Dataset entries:
==*==
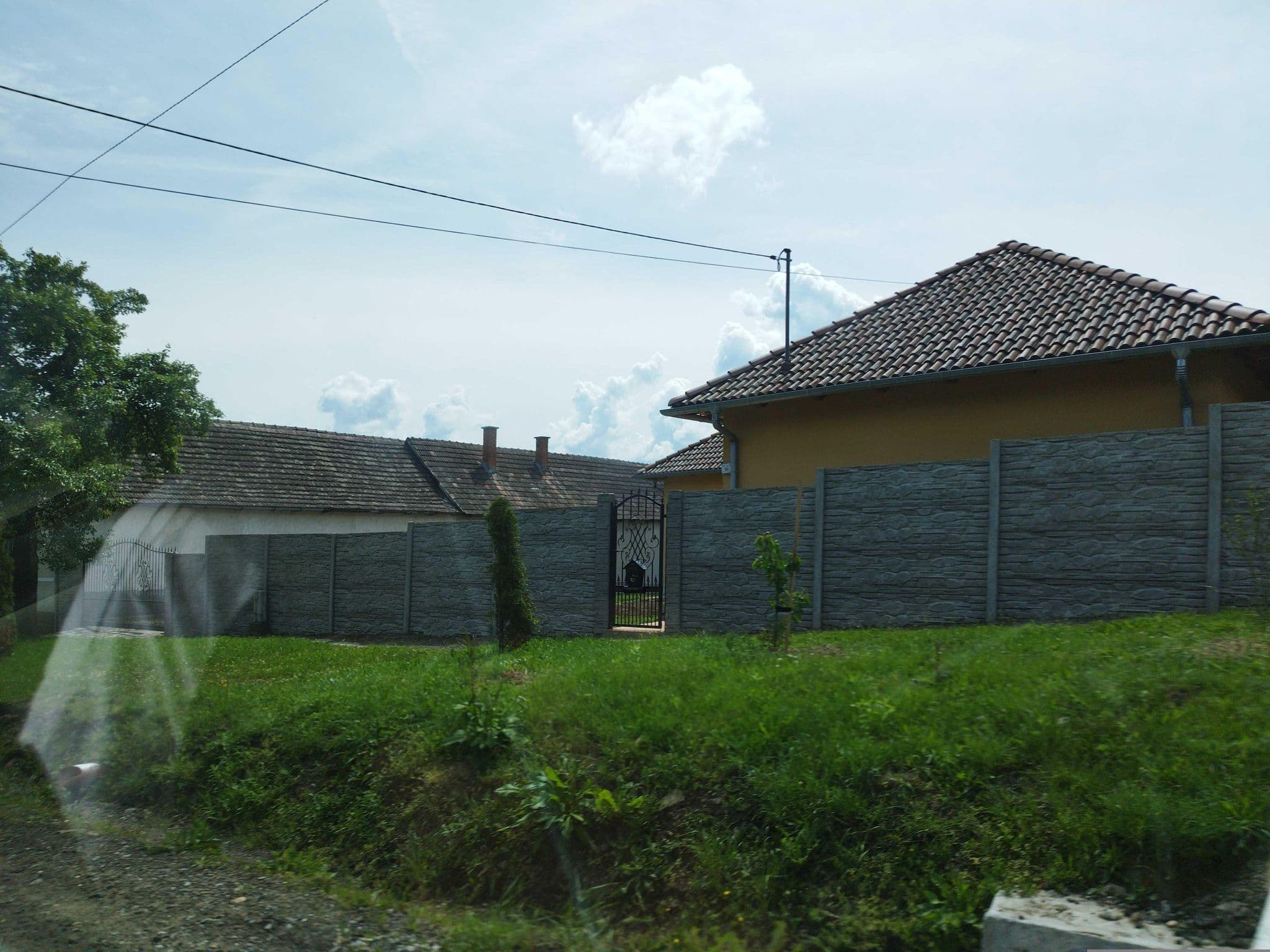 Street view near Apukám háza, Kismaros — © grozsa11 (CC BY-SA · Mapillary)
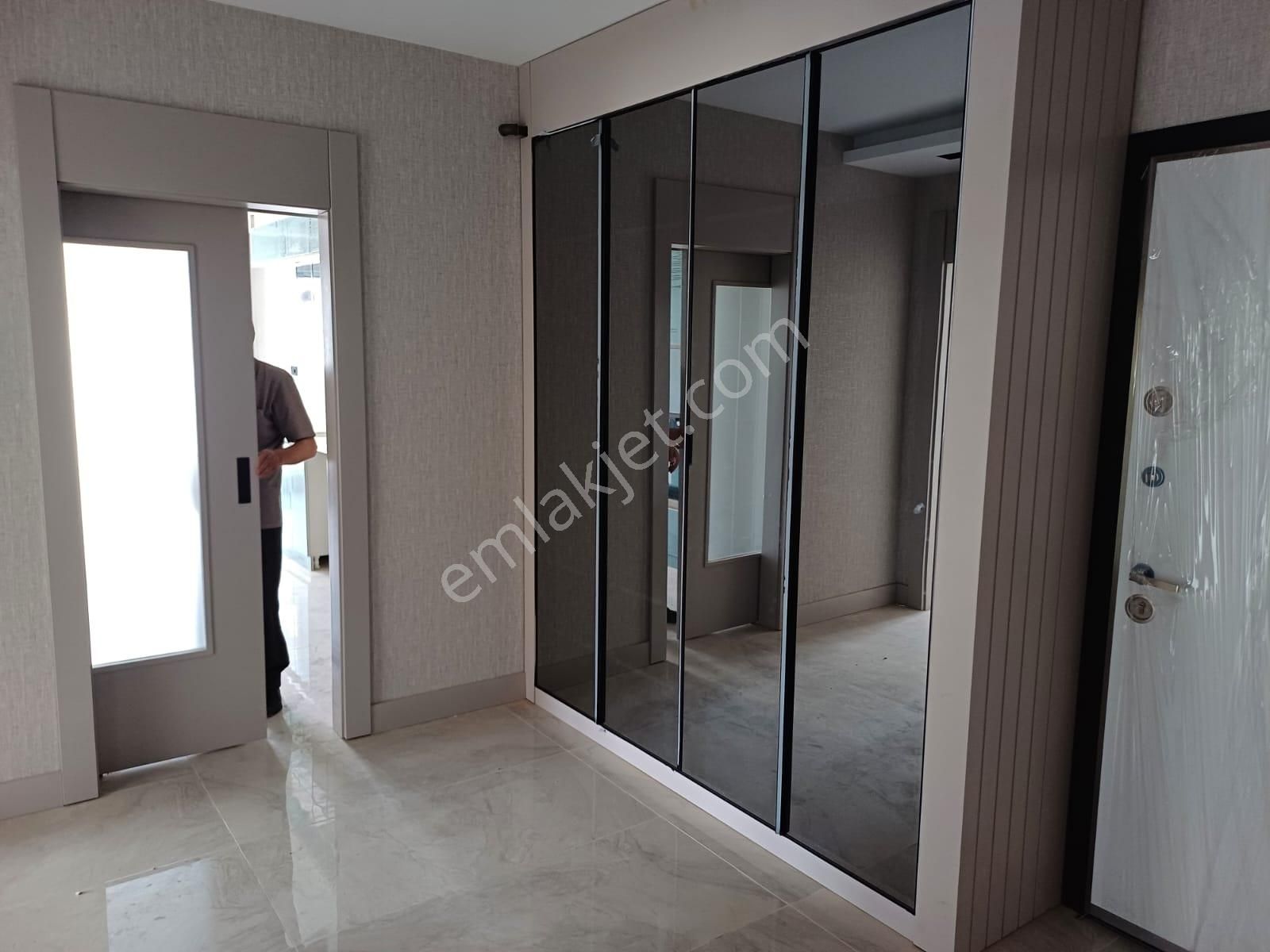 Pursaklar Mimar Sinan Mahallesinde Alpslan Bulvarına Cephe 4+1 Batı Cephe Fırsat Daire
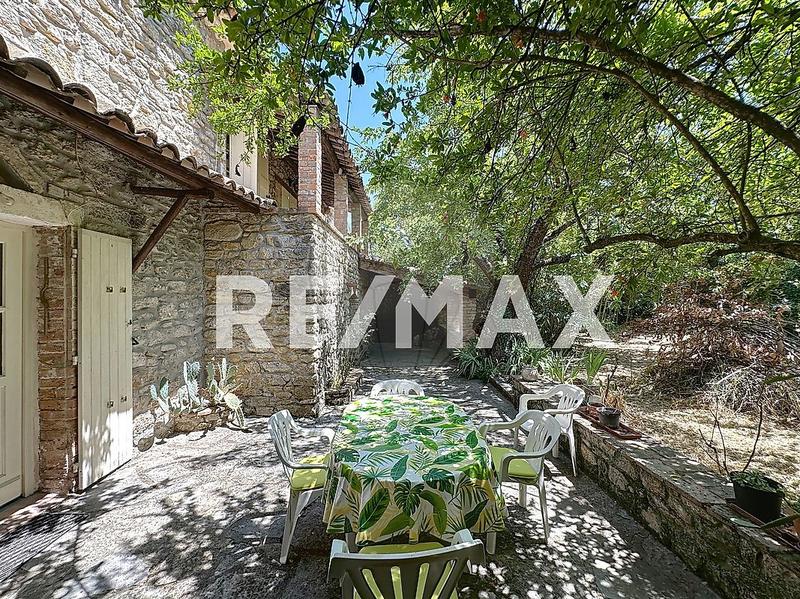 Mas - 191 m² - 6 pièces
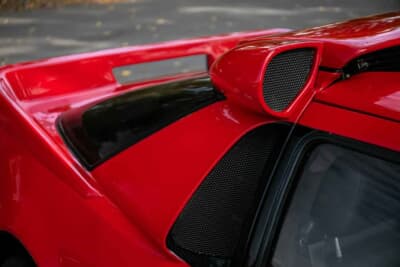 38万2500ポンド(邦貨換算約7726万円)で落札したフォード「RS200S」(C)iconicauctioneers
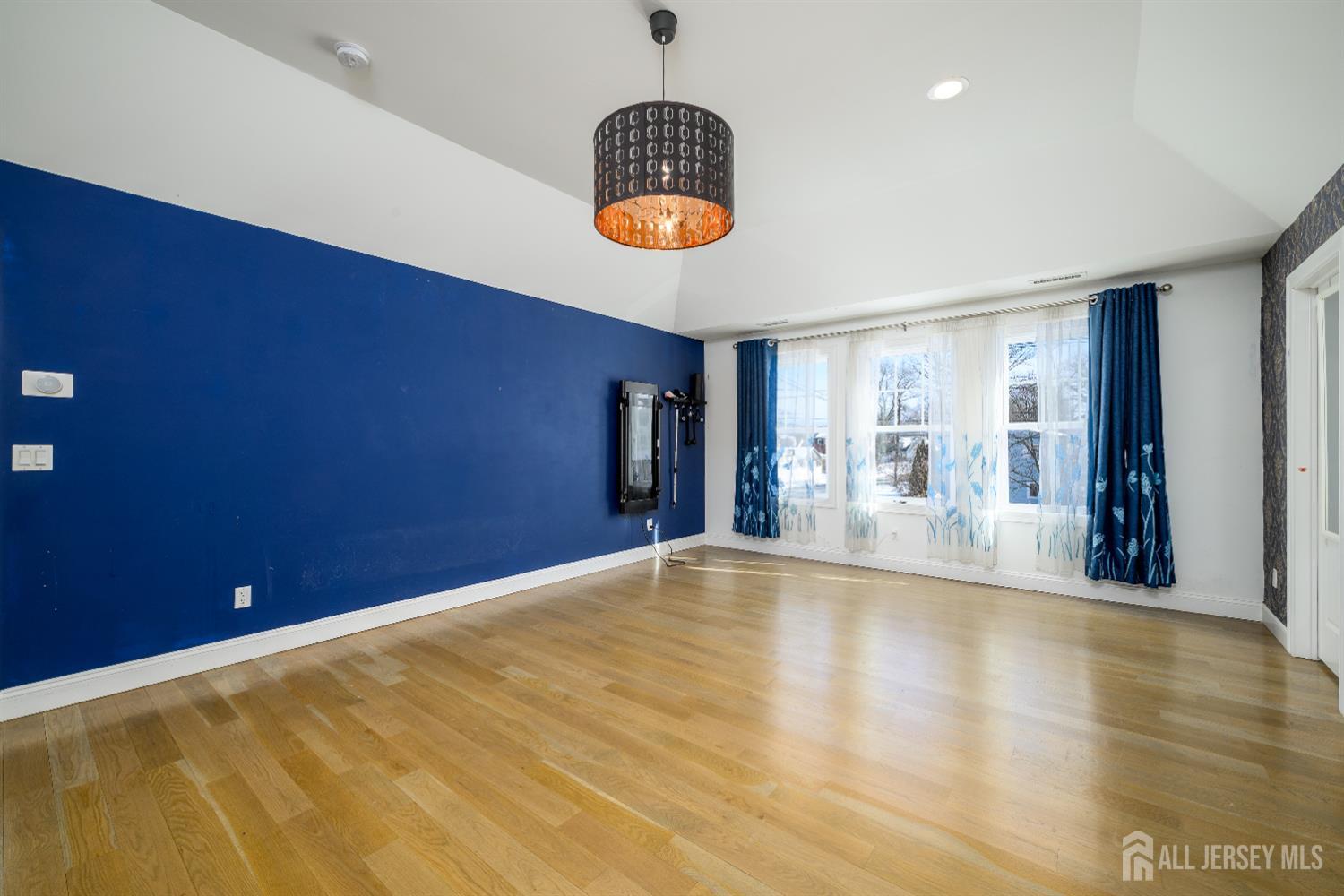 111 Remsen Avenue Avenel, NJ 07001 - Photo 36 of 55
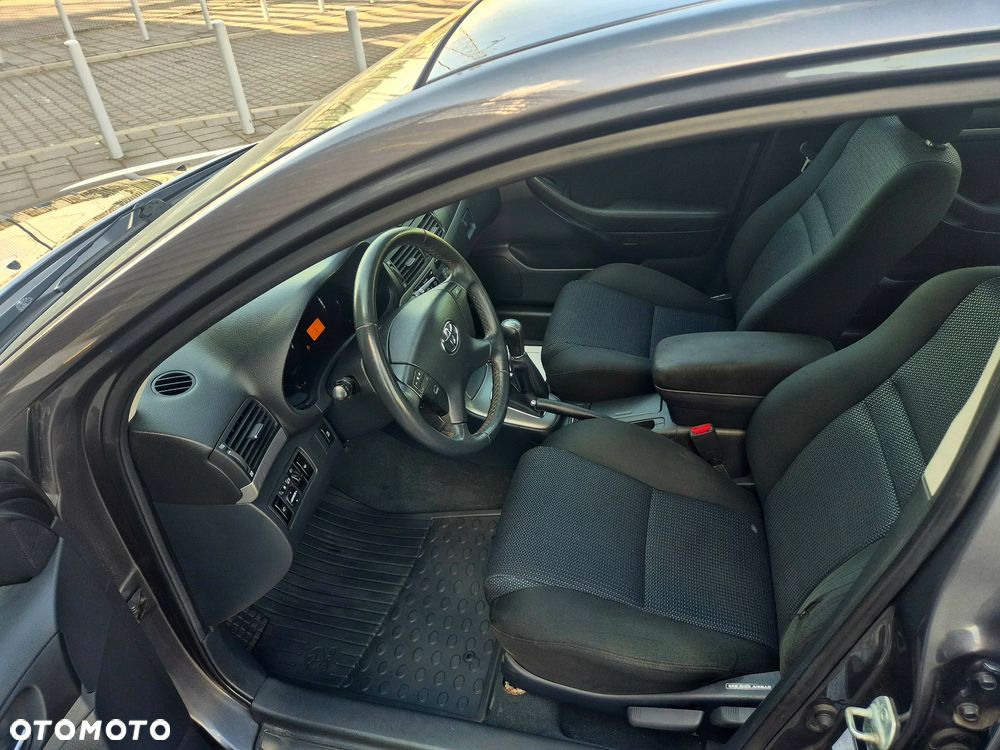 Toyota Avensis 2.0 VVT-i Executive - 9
==*==
§ Task to complete
A word-for-word copy of the records above is needed, pictures excluded.

§ Solution
 Street view near Apukám háza, Kismaros — © grozsa11 (CC BY-SA · Mapillary)
 Pursaklar Mimar Sinan Mahallesinde Alpslan Bulvarına Cephe 4+1 Batı Cephe Fırsat Daire
 Mas - 191 m² - 6 pièces
 38万2500ポンド(邦貨換算約7726万円)で落札したフォード「RS200S」(C)iconicauctioneers
 111 Remsen Avenue Avenel, NJ 07001 - Photo 36 of 55
 Toyota Avensis 2.0 VVT-i Executive - 9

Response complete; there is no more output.